Exercise input Block Start

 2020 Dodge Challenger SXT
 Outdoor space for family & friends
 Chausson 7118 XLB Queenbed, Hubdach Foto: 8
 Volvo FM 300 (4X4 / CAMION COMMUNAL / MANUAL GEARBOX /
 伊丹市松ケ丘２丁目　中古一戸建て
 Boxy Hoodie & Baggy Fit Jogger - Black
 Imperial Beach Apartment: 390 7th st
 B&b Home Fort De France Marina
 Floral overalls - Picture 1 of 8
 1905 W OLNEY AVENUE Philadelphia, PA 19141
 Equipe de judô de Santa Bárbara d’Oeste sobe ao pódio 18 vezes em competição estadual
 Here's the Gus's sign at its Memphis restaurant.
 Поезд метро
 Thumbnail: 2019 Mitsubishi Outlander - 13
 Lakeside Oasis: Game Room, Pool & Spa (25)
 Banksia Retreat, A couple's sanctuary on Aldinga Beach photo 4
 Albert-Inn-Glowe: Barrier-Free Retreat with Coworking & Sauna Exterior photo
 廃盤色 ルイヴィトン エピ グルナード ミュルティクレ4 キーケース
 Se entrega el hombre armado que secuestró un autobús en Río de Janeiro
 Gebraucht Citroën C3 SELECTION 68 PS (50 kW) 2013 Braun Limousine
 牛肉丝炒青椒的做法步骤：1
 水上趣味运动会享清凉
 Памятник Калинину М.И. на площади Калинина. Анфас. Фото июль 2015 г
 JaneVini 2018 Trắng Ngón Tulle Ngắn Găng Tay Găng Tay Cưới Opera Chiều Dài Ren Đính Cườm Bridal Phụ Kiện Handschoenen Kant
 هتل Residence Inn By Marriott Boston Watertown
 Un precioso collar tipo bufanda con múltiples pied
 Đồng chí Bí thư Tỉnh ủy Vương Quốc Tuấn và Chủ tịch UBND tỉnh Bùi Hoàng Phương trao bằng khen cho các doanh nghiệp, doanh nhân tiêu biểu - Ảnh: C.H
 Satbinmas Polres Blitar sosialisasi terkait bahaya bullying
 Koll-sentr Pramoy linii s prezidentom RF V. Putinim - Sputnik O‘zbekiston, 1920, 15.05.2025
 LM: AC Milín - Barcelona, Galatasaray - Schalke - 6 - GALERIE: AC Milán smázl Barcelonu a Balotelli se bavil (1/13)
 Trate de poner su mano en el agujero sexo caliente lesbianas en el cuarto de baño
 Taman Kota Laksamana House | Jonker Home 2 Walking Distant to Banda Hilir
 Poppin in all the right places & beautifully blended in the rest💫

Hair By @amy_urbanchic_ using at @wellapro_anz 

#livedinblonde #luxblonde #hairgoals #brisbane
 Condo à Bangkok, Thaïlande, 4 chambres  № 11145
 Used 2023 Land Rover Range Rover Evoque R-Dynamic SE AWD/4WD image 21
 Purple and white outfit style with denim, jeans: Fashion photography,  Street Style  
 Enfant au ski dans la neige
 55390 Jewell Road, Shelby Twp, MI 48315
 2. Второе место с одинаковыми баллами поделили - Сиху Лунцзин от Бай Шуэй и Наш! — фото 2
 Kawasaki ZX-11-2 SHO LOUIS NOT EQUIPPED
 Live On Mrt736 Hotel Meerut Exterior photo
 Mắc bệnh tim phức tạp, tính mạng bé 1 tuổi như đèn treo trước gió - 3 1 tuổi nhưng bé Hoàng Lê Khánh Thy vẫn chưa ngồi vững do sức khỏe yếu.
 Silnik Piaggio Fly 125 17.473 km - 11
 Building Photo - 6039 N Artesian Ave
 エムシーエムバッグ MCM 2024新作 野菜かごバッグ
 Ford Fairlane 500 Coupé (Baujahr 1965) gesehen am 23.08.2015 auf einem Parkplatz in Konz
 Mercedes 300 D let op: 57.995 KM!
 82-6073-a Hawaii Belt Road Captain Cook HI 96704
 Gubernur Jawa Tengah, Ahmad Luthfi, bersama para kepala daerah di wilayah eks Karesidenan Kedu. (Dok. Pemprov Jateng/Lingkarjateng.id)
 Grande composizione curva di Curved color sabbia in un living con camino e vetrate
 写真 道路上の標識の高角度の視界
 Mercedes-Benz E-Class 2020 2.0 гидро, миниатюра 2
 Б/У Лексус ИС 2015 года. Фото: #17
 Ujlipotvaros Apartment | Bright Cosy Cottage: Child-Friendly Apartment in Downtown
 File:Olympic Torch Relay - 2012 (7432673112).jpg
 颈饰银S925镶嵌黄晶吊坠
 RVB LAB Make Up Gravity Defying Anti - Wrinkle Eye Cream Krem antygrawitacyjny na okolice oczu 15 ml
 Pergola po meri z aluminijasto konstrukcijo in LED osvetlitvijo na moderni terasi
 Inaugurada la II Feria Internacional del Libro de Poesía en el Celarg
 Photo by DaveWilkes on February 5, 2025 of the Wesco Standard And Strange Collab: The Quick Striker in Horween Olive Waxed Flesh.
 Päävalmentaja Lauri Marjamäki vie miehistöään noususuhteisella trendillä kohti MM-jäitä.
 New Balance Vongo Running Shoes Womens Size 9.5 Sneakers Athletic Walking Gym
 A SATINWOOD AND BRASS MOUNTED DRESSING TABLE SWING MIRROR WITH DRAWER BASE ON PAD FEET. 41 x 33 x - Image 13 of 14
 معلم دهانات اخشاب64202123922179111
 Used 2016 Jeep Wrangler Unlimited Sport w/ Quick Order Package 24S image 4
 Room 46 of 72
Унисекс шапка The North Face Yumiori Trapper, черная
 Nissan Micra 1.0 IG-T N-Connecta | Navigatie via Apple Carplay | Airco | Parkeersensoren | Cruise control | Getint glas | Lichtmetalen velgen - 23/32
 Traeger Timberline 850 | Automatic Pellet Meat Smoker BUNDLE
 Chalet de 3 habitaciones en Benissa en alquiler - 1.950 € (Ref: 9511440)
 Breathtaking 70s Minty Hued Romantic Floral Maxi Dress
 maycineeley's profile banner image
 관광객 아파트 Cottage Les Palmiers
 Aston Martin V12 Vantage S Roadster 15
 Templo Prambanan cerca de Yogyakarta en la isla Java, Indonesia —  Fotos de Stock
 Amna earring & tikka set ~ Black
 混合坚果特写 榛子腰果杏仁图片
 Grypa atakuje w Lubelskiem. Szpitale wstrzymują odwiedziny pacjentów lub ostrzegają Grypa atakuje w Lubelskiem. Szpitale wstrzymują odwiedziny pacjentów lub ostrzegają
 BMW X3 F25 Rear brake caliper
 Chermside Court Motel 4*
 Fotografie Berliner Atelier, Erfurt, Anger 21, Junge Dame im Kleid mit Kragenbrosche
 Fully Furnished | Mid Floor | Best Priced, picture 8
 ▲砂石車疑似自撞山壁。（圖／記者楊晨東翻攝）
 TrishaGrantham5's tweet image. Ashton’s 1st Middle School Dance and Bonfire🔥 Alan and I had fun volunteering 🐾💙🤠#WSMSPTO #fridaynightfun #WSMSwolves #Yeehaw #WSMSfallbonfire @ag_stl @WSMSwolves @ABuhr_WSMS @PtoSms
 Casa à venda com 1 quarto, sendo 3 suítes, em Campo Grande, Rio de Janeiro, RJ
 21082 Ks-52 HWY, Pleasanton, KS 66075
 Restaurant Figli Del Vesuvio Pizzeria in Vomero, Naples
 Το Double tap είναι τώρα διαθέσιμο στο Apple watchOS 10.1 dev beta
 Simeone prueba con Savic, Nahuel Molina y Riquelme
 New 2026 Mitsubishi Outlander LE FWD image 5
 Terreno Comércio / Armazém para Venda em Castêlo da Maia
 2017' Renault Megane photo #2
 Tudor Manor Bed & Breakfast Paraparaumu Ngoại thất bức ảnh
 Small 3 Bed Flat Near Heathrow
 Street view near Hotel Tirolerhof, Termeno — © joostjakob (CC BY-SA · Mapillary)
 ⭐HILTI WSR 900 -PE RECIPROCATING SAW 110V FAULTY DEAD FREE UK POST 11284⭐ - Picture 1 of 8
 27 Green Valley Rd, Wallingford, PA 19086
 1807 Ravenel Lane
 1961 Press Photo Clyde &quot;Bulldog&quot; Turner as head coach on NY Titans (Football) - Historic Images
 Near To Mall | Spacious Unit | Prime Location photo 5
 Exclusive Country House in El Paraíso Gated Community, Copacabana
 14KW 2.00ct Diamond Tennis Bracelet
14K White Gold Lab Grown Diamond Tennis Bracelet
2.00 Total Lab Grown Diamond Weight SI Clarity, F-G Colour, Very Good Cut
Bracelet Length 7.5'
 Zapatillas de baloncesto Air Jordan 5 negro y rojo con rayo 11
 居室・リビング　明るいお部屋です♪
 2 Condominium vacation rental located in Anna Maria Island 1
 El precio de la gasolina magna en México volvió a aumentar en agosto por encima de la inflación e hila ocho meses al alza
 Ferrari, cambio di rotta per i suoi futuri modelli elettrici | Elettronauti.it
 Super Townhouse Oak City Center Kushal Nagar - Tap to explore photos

Exercise input Block End

- _Exercise details_
Output the lines above between the one holding "82-6073-a Hawaii Belt" and the one holding "颈饰银S925镶嵌黄晶吊坠", inclusive, with nothing before or after them.

- _Task answer_
 82-6073-a Hawaii Belt Road Captain Cook HI 96704
 Gubernur Jawa Tengah, Ahmad Luthfi, bersama para kepala daerah di wilayah eks Karesidenan Kedu. (Dok. Pemprov Jateng/Lingkarjateng.id)
 Grande composizione curva di Curved color sabbia in un living con camino e vetrate
 写真 道路上の標識の高角度の視界
 Mercedes-Benz E-Class 2020 2.0 гидро, миниатюра 2
 Б/У Лексус ИС 2015 года. Фото: #17
 Ujlipotvaros Apartment | Bright Cosy Cottage: Child-Friendly Apartment in Downtown
 File:Olympic Torch Relay - 2012 (7432673112).jpg
 颈饰银S925镶嵌黄晶吊坠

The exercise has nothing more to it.